▸ DATA
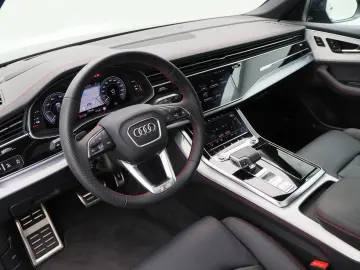Q8 55 TFSi e 395 Pk quattro S-Line | Panorama Da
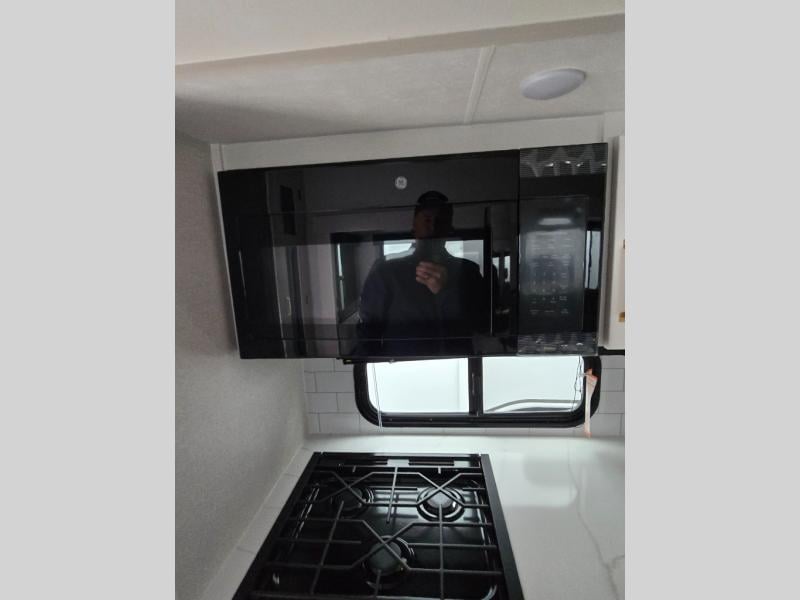 New 2026 Jayco 28CRT Eagle HT - photo - 37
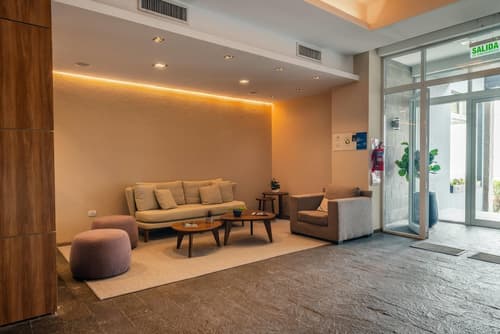 Dazzler by Wyndham Puerto Madryn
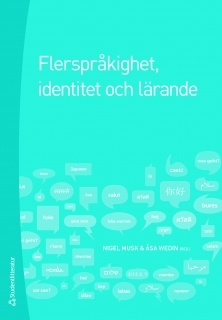 Flerspråkighet, identitet och lärande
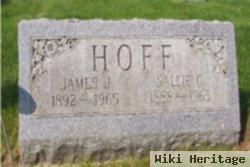 James J Hoff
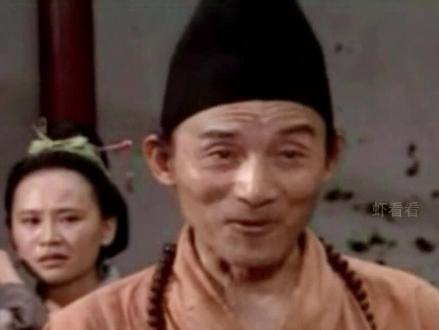济公:人生百味,酸甜苦辣,只在心中有一个分别 #济公 #人生 #智慧
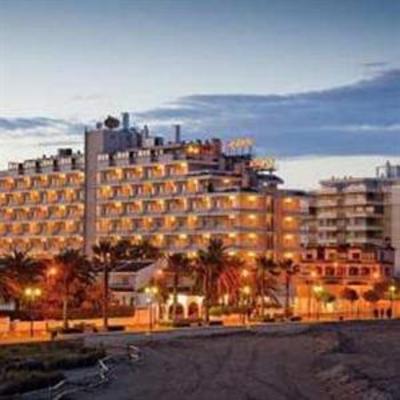 фото отеля Aparthotel Acualandia Peniscola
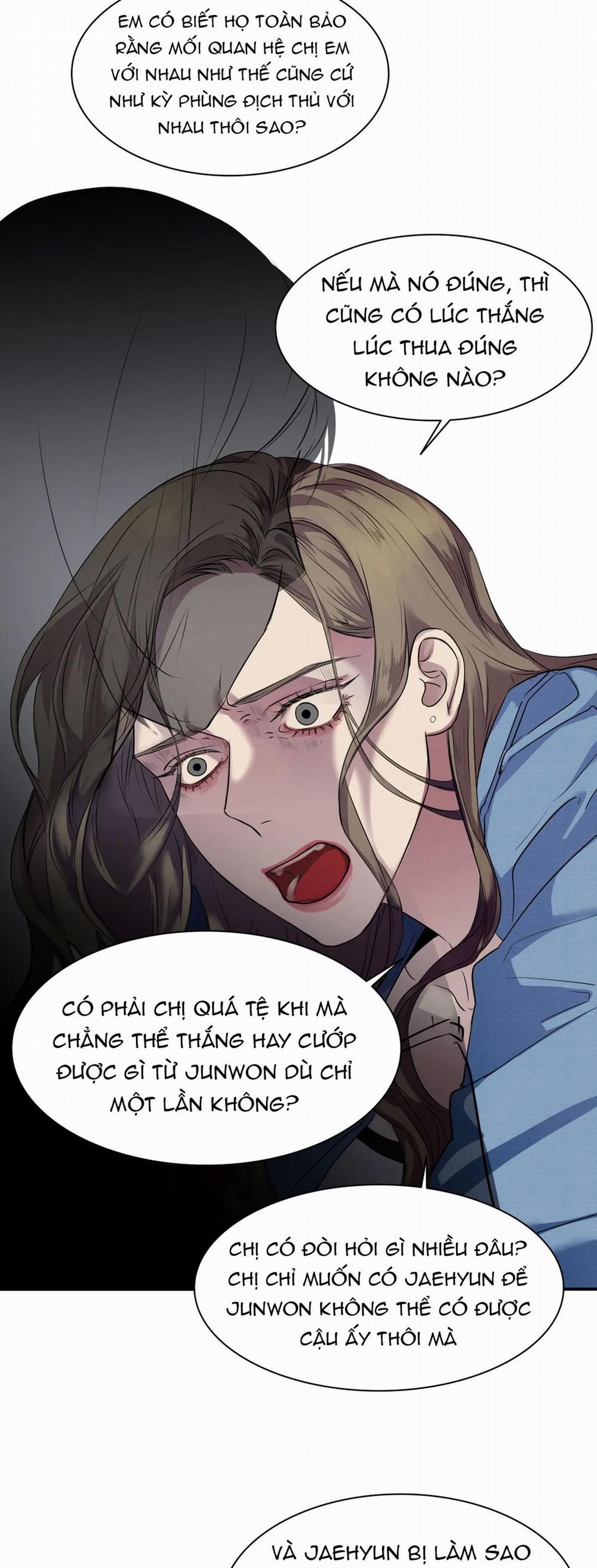 Vết Rắn Cắn 26.2 trang 25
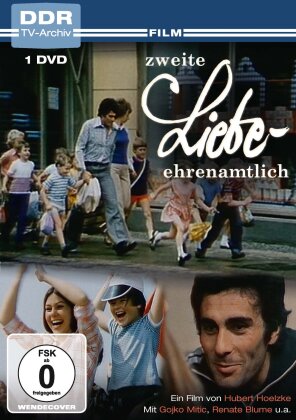 Zweite Liebe ehrenamtlich (1977)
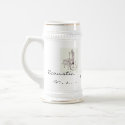 Stein mugs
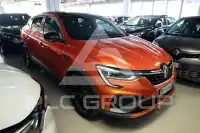 2021 Renault Arkana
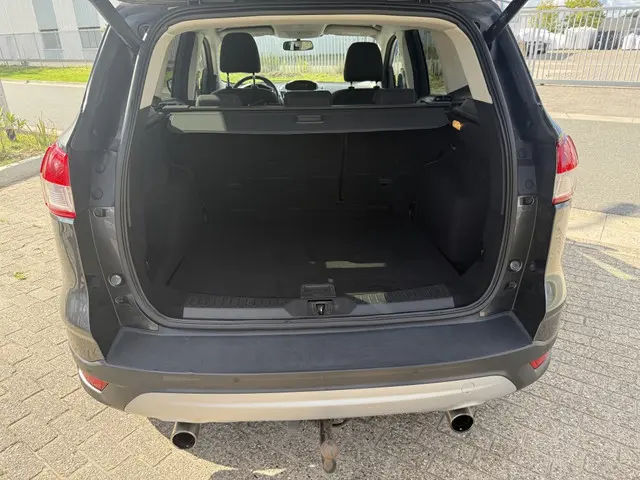 Ford Kuga 1.5 Titanium 4WD 2015 Benzine 17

▸ PROMPT
The final stretch of the data, from the line with "2021 Renault Arkana" through its last line, is to be retyped exactly; pictures are not part of the copy.

▸ SOLUTION BELOW
 2021 Renault Arkana
 Ford Kuga 1.5 Titanium 4WD 2015 Benzine 17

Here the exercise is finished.